Die Frage, ob Kunst die Welt verändern kann, beantwortete Wasja Götze mit einem Nein. Er sieht die Kunst zwar als Mittel des Protestes, doch die Bedeutung der Kunst zeige sich erst in äußersten Situationen, nämlich, wenn bestimmte Dinge nicht gesagt werden dürfen und daher Grenzen auf eine andere Art und Weise überschritten werden müssen. Die Kunst nehme heute nicht mehr solch einen großen Stellenwert mehr ein, so Götze. Dem schloss sich Grünbaum an.
Geschichten aus dem Publikum
Anschließend an die Podiumsdiskussion kam hatten die Zuhörer die Möglichkeit Fragen an die Referenten zu stellen. Neben einigen Nachfragen, schilderten einige Gäste ihre eigenen, äußerst interessanten Geschichten zum Biermann-Fall. So erzählte eine ehemalige Deutschlehrerein aus der DDR, dass sie aufgrund der Verweigerung ihrer Unterschrift auf einem Ausbürgerungsantrag Biermanns, eine Gegenresolution verfassen musste, wonach sie strafversetzt wurde.

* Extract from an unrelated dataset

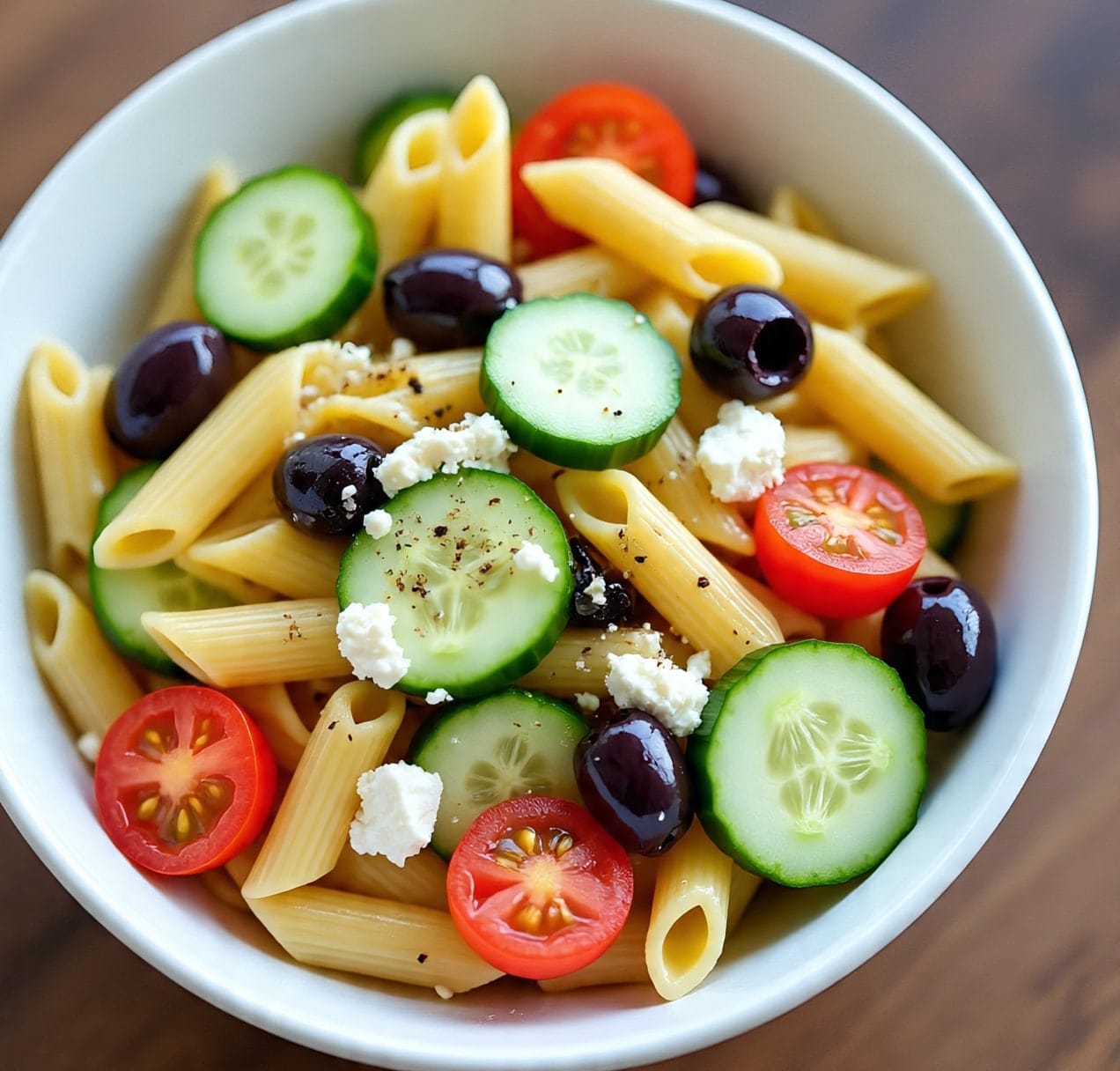 Greek Pasta Salad with Feta and Fresh Vegetables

Zum Abschluss las Dr. Witzel ein Gedicht von Jürgen Fuchs vor.
Wolf Biermann – Eine Perle der Gesellschaft
Hermann Decker richtete sich in einigen abschließenden Worten an die zahlreichen Gäste. Er bezeichnete Wolf Biermann als eine Perle der Gesellschaft, die den Unrechtsstaat vor aller Augen entlarvte. Er verwies auf die Aktualität dieses Themas und sprach dabei über Unrechtssysteme weltweit, wie China, die Türkei oder Russland. Daher sei Wachsamkeit, Solidarität, Standhaftigkeit und vor allem Mut geboten, wie zu der Zeit Wolf Biermanns.